Auf dem Gelände der ehemaligen Ölmühle von 1710 waren durch Nachnutzungen nur wenige ungestörte Flächen für archäologische Untersuchungen übrig geblieben. Dennoch konnten von der Abteilung „hessenARCHÄOLOGIE“ des Landesamtes für Denkmalpflege drei vielversprechende Flächen festgelegt werden. Die Archäologen konnten dort unter anderem Gruben aus der Eisenzeit sowie Reste von Gebäuden, die wohl am ehesten der späten Merowinger- und frühen Karolingerzeit zugeordnet werden können, freilegen.
Ursprünglich war die Ölmühle benannt nach ihrem ersten Eigentümer: Sie hieß damals "Engelsmühle". Im Jahr 1731 wurde ihr Mühlbach vom Schwarzbach abgezweigt. Die Mühle war für eine Weile tatsächlich als Ölmühle in Betrieb, bis das Areal im vergangenen Jahrhundert von der Hoechst AG gekauft wurde und fortan als landwirtschaftliche Entwicklungsanstalt Verwendung fand.
Spannend war aus Sicht des Landesamtes für Denkmalpflege vor allem die Klärung des Mühlbachverlaufs, sowie ein kleines Gelände am südlichen Rand, das nie überbaut worden war. Zudem stellte sich natürlich auch die Frage, ob sich die auf dem Schokoladenfabrik-Gelände gemachten Funde jenseits des Hessendamms fortsetzen.
Entdeckt wurde bei den Ausgrabungen eine „lineare Struktur, ein etwa 50 Zentimeter tiefer Graben“, der sich auf dem Gelände der Schokoladenfabrik fortsetzt.
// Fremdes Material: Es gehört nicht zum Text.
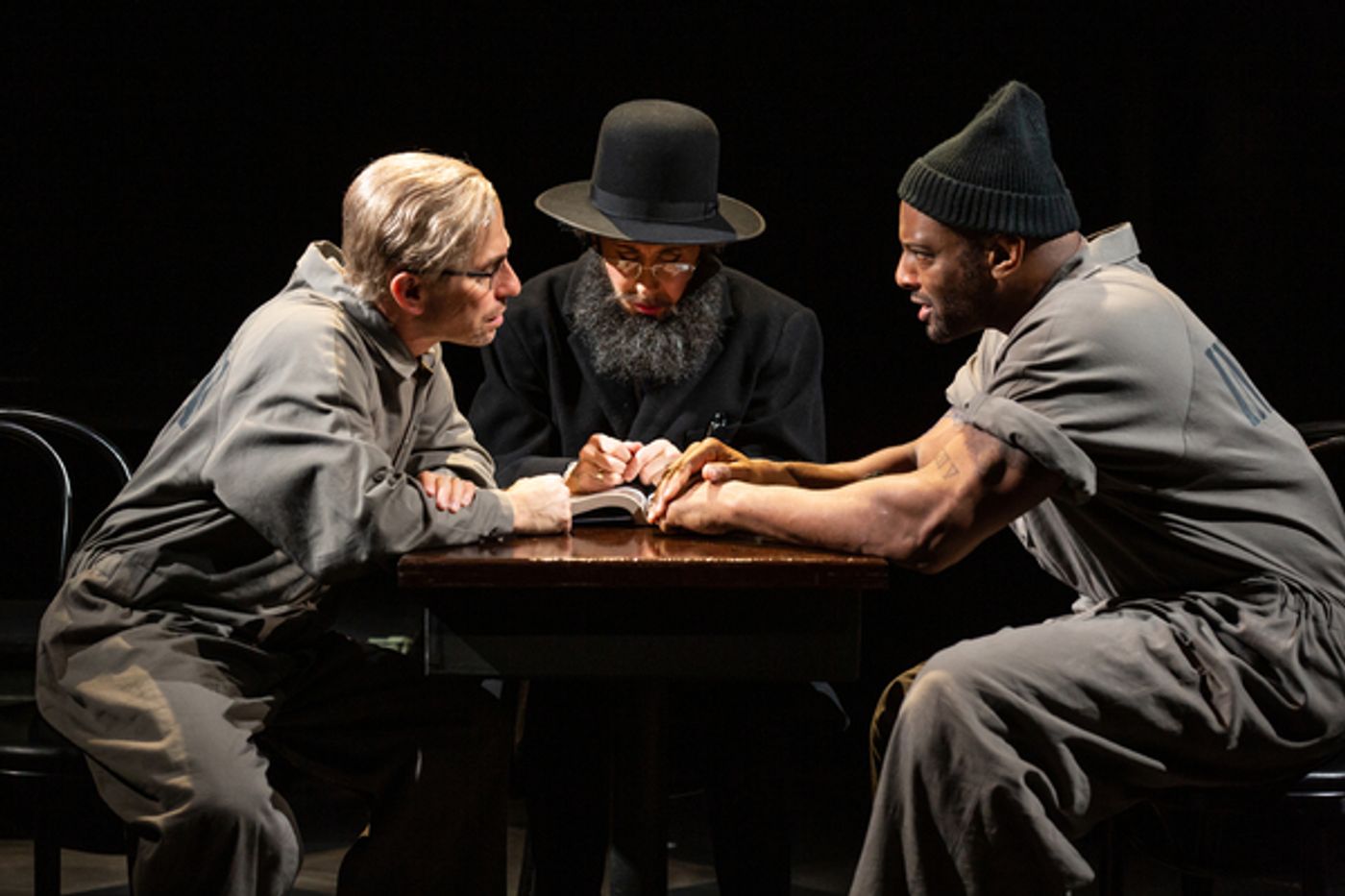 Photos: Theater 555 Presents A TURTLE ON A FENCE POST  Image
In diesem Graben fand man auf Seiten des Hessendamms Fundstücke aus dem 17. und 18. Jahrhundert - wahrscheinlich handelte es sich dabei um einen Landwehrgraben.
Zudem wurden auf dem Ölmühlengelände Überreste eines etwa zwölf Quadratmeter großen Hauses in Form von sechs Holzpfosten entdeckt. Auch undefinierbare Gruben mit lockerer, einheitlicher Verfüllung wurden gefunden, in Nachbarschaft zu kegelförmigen Abfall- und Vorratsgruben aus der Eisenzeit - entsprechende Funde ermöglichten diese Datierung.
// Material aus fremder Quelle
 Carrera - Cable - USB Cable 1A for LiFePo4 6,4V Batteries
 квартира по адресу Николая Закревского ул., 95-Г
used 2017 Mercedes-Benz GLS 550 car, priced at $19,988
Im Süden konnte Dr. Franka Schwellnus von frühmittelalterlichen Funden aus dem 7. und 8. Jahrhundert berichten - für sie der Höhepunkt der damaligen Grabungen: „Brandlehmspuren von Gewichten von Webstühlen deuten darauf hin, dass es sich um Handwerkshäuser handelt, die zum Weben genutzt wurden. Diese und auch Scherben lassen vermuten, dass es sich um eine kleine Handwerkssiedlung aus dem Frühmittelalter am Schwarzbach gehandelt hat, ältere Scherben deuten auf eine Besiedelung seit der Eisenzeit hin.“
Einige lange, rechteckige Gruben mit treppenähnlichem Abgang wurden auch wieder gefunden. Bereits auf dem Grabungsgelände Südwest wurden davon bereits 106 Stück entdeckt, stets in nörd-südlicher oder ost-westlicher Ausrichtung. Eine eindeutige Datierung oder eine Definition zur tatsächlichen Bestimmung dieser Gruben konnte noch nicht geklärt werden. Schwellnus bezeichnete diese speziellen Gruben, die zwischen 50 und 60 Zentimeter breit, zwischen 1,6 und zwei Meter lang und von unterschiedlicher Tiefe sind, als "Hattersheimer Phänomen." Eine Entstehung in moderner Zeit sei eher unwahrscheinlich, da dort keinerlei Spuren von modernem Schrott wie Schrauben oder Plastik gefunden wurden.